EPA dropped its Trump-era defense of a soundproof booth built for Scott Pruitt, its scandal-ridden former administrator, according to newly released letters.

EPA has acknowledged that the installation of the secure phone booth in the administrator’s office ran afoul of appropriations law, which a congressional watchdog office determined was the case more than four years ago. Letters recently obtained by E&E News show that the agency has reported the infraction — and that more violations were found tied to decorating Pruitt’s office.

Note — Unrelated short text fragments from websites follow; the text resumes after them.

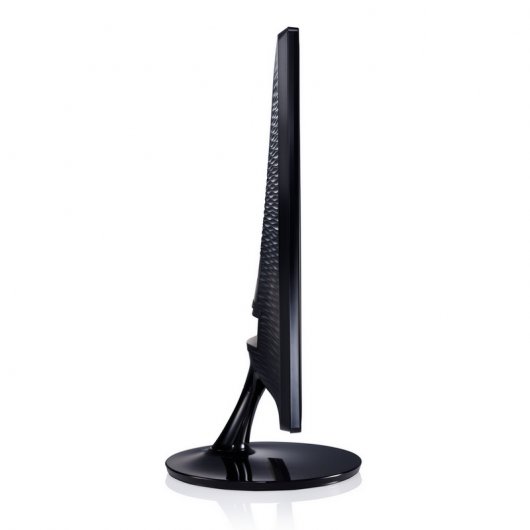 Samsung S22D300HY 21.5" LED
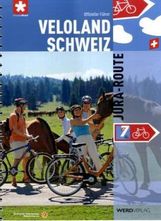 Coverabbildung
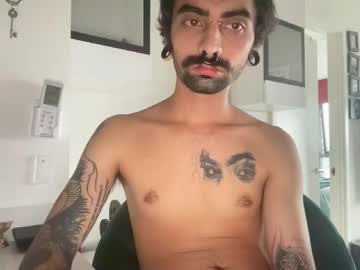 Yourboo25 September 02, 2025 Chaturbate stream image
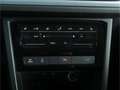 Volkswagen Touran 2.0 TDI GOAL DSG 7-Sitze/NAV/LED/RFK/ACC Grau - thumbnail 24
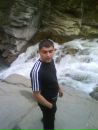Ігор Звірик фотография #1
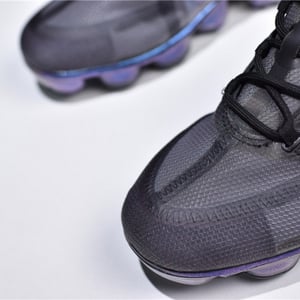 Air Vapormax 2019 Throwback Future Ar6631-001 - Image 5
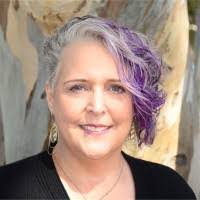 Carrie Esparza's Instagram, Twitter & Facebook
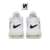 Nike Air More Uptempo "Copy Paste" en internet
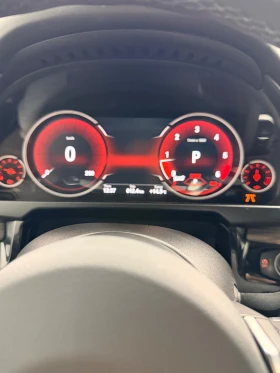 BMW X5, снимка 14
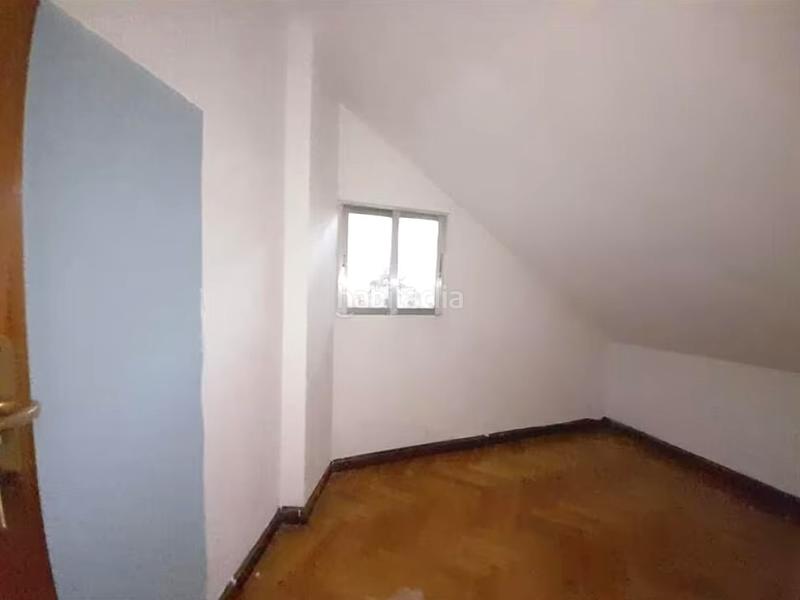 Foto 8af1ba2c-428c-45bd-9d51-63bebdc7d828. Appartamento con riscaldamento parcheggio in Centro Palencia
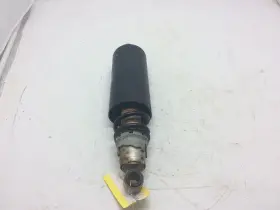 503189876 Ski-doo Shock Center Track Fits 2002 Mxz Sport Trail X Renegade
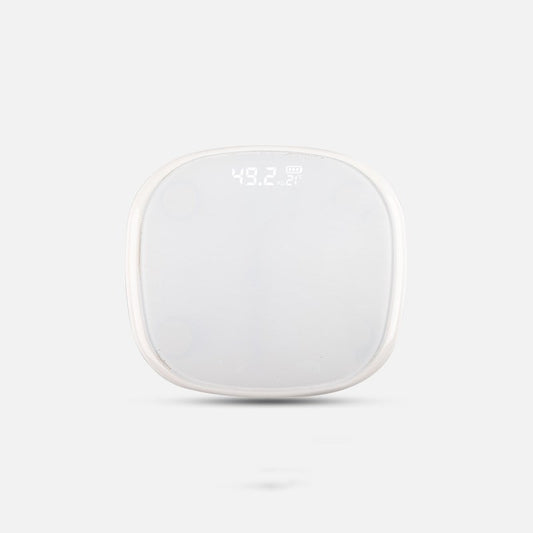 Accurate Electronic Scale For Adult Household Weight Scale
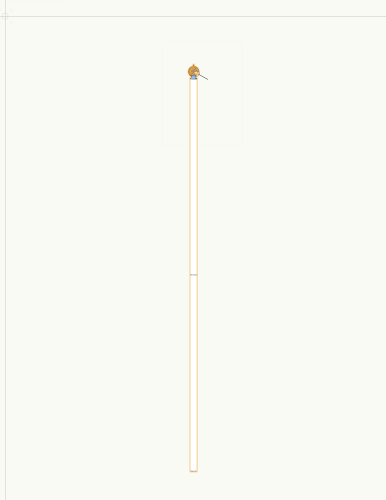Screenshot2026-04-23at9_50_54AM.thumb.png.a7136b53bcfe5ebf750abd1634dab804.png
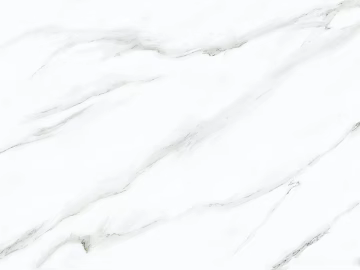 Marble 3d model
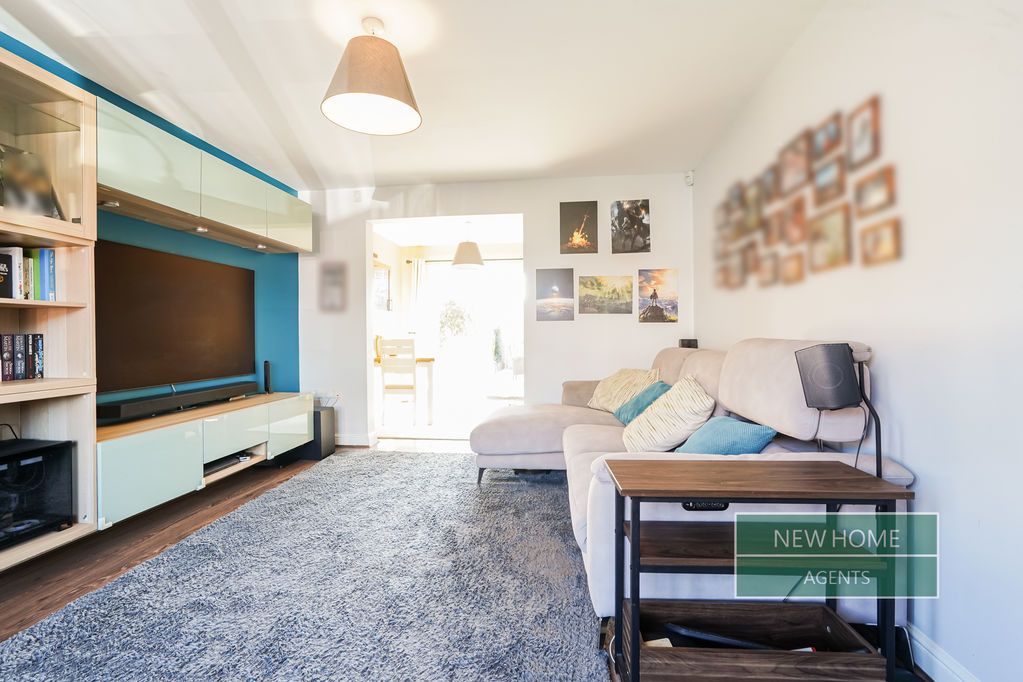 Property photo 3 of 23 Photo 21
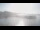 Webcam in Cala Rajada (Majorca), 1.3 mi away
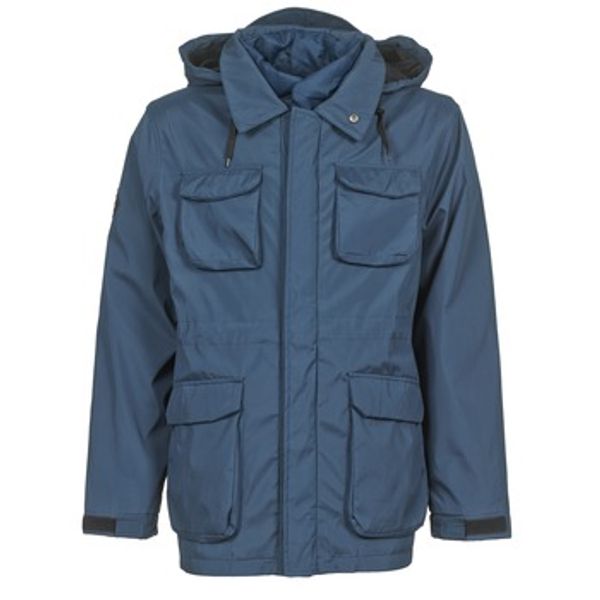 Bellfield Bellfield  Pernate jakne GORIN  Bellfield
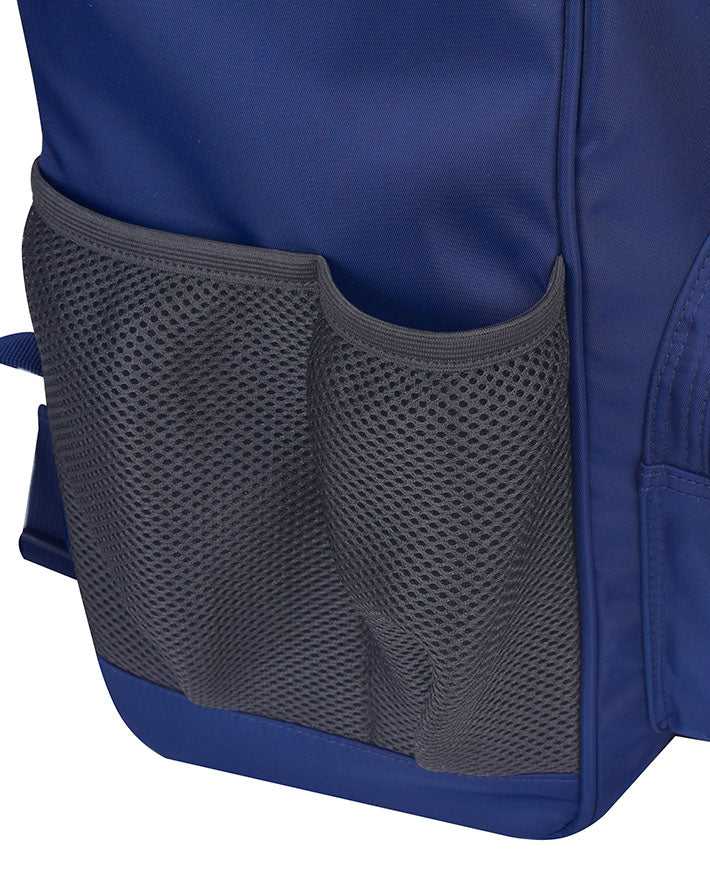Trek Junior Backpack 20L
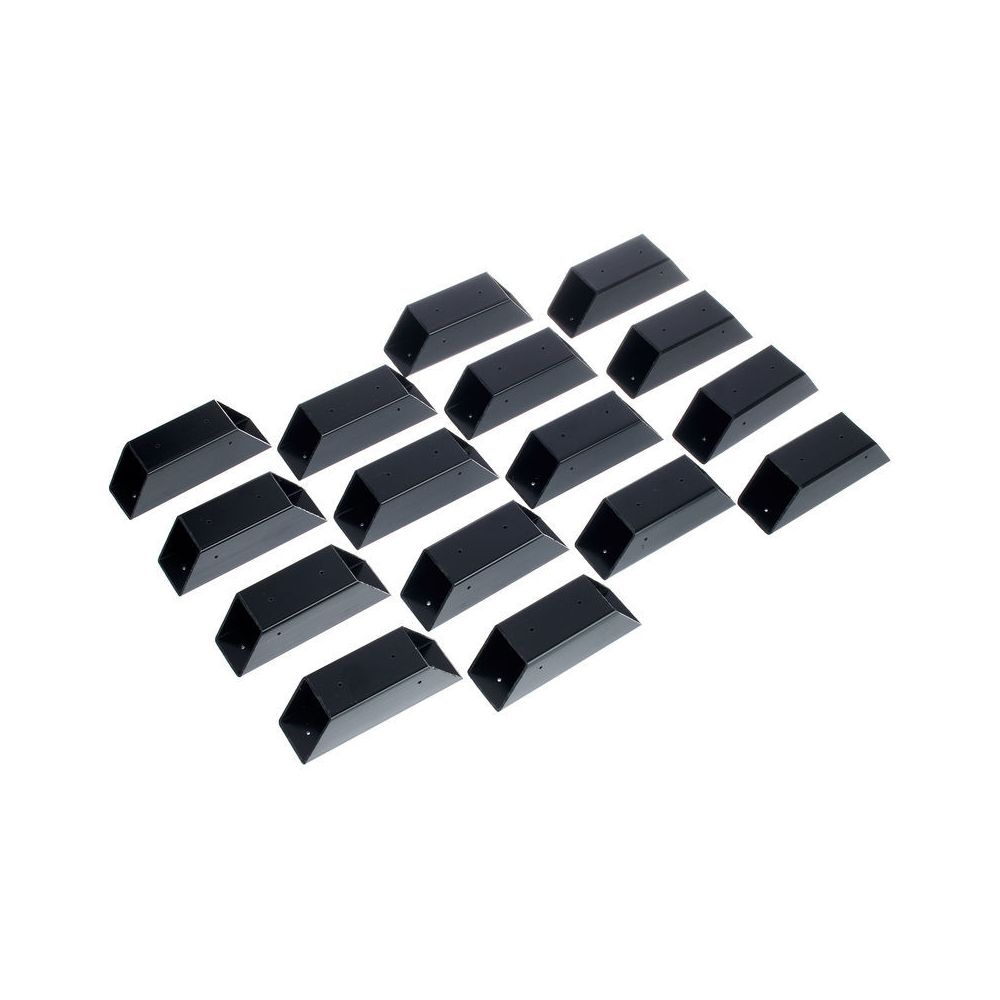 EQ Acoustics Flexi Blocks – Thomann Ireland
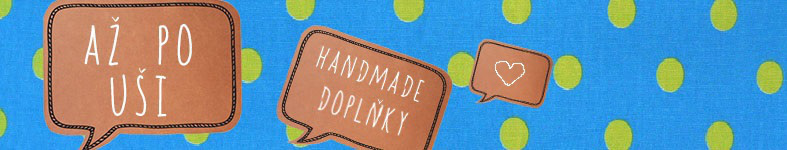Banner profilu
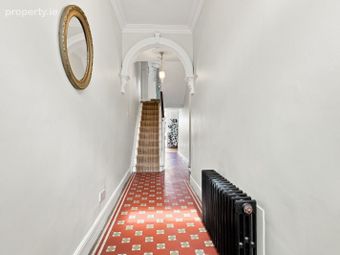 19 Saint David's Terrace, Blackhorse Avenue, Stoneybatter, Dublin 7 - Image 3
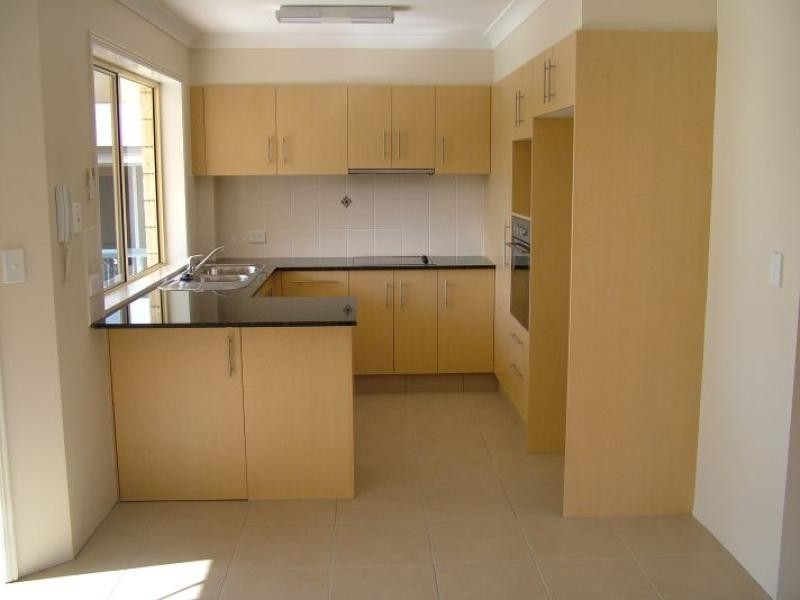 12/30 CORONATION AVENUE, Pottsville NSW 2489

EPA Administrator Michael Regan said in a Dec. 29, 2021, letter that the Government Accountability Office found that the agency had flouted a provision of appropriations law known as Section 710 when the agency failed to give advance notice to Congress when it spent more than $43,000 to install “a soundproof privacy booth” for the administrator’s office. Any agency funds spent in excess of $5,000 to furnish a political appointee’s office have to be disclosed in advance to lawmakers under the law.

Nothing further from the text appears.